• [Information supplied]:
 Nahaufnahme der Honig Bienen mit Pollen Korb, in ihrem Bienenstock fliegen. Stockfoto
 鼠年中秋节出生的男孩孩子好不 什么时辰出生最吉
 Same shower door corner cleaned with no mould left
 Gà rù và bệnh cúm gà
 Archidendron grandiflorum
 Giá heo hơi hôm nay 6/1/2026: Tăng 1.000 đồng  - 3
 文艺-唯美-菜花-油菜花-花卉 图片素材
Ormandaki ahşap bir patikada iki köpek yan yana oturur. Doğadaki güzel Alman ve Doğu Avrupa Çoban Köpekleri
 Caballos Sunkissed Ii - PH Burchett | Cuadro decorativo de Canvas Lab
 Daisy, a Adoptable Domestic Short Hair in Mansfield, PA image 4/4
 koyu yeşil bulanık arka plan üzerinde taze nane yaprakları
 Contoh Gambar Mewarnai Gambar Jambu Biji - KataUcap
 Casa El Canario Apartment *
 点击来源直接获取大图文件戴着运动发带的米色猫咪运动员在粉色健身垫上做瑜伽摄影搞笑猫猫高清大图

• [Assignment]:
Output, exactly and with nothing else, the lines from the line containing "Contoh Gambar Mewarnai" to the end of the entries.

• [Written solution]:
 Contoh Gambar Mewarnai Gambar Jambu Biji - KataUcap
 Casa El Canario Apartment *
 点击来源直接获取大图文件戴着运动发带的米色猫咪运动员在粉色健身垫上做瑜伽摄影搞笑猫猫高清大图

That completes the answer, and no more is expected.